Samenwerken en informatie uitwisselen: In teams zoeken ze naar sporen en wisselen ze na elke ronde informatie en vaardigheden uit.
Communicatie: Leerlingen moeten informatie aan elkaar doorgeven en de bevindingen aan de museumdirecteur overhandigen.
Zelfsturing: Leerlingen kunnen met het logboek de voortgang versnellen en een andere groep kan overnemen waar de vorige is gestopt.
Digitale geletterdheid: De activiteiten vinden plaats op cd-rom en internet.
Gebruik van Andere Programma's
Verschillende softwareprogramma's kunnen worden ingezet om de activiteiten concreet te maken:
Word: Leerlingen kunnen in Word een wachtwoord beveiligen document openen om extra informatie te krijgen. Dit wachtwoord moeten ze verdienen of zoeken.
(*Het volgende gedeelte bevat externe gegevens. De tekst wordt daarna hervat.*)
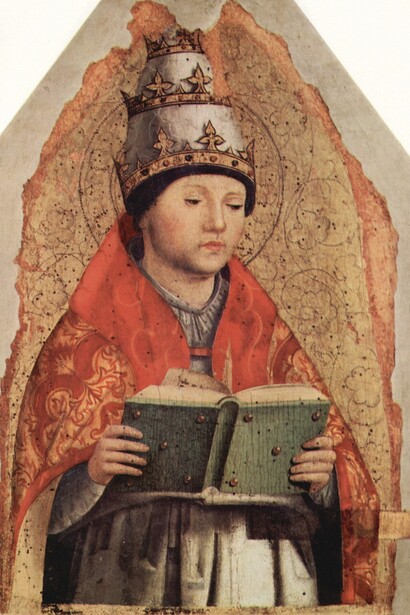 San Gregorio Magno, papa e pastore, è ricordato per il suo instancabile impegno nella riforma liturgica, la diffusione del canto gregoriano e il rafforzamento della Chiesa come guida spirituale e morale. Cuspide di polittico con i Dottori della Chiesa "San Gregorio Magno", Antonello da Messina, 1470, Palermo, Galleria regionale di Palazzo Abatellis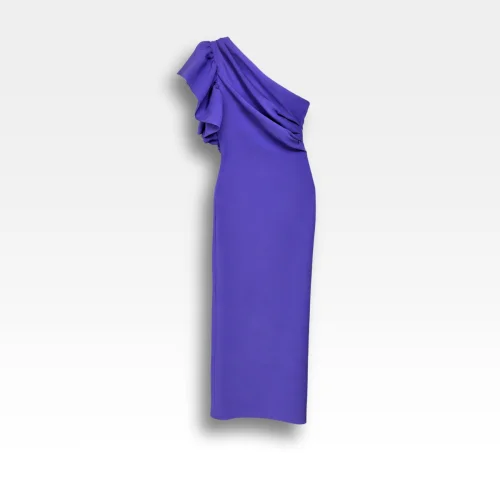 Robe longue asymétrique violette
Excel: Budgettering en vervoervraagstukken worden in Excel opgelost. Leerlingen moeten reizen met een beperkt budget dat door de museumdirecteur wordt gesponsord. In Excel kan je een cel verwijzen naar een specifiek blad in een ander bestand. Ook is het mogelijk om een kruiswoordraadsel te maken met voorwaardelijke opmaak.
PowerPoint: Screenshots van videogames kunnen als panorama's dienen om links mee te leggen. Hierdoor wordt de indruk gewekt dat je in een omgeving rondloopt en kan je inzoomen op gebieden. Om te voorkomen dat leerlingen scrollen, kan de diavoorstelling worden ingesteld op "bekeken in kiosk (volledig scherm)".
Hotpotatoes: Dit kan worden gebruikt om hints toe te voegen aan feedback. Ook kan de terugknop in hotpot worden gebruikt om te voorkomen dat leerlingen in html naar powerpoint gaan.
Internet: Aanvullende activiteiten en informatie worden online gezocht. Javascripts van websites als www.leejoo.nl kunnen worden gebruikt voor het controleren van codes of voor memoryspellen.